- Task item -
Retype word for word the stretch of entries below from the line that has "Toyota Hilux 2022-thumb-8" through the line that has "2 yaşındaki çocuk", and omit the pictures.

- Source material -
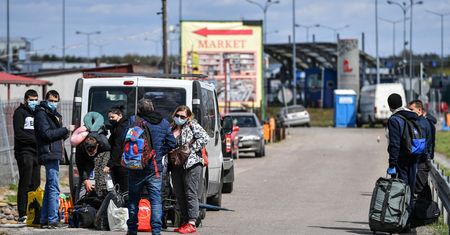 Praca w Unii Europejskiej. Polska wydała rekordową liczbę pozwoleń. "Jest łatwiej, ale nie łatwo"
* * *
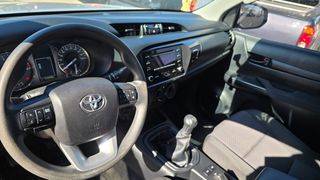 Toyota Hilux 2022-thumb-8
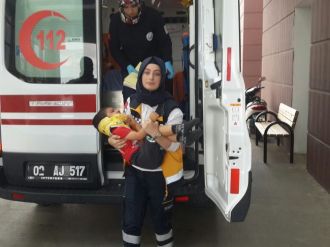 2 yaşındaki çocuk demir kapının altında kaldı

- Exercise result -
 Toyota Hilux 2022-thumb-8
 2 yaşındaki çocuk demir kapının altında kaldı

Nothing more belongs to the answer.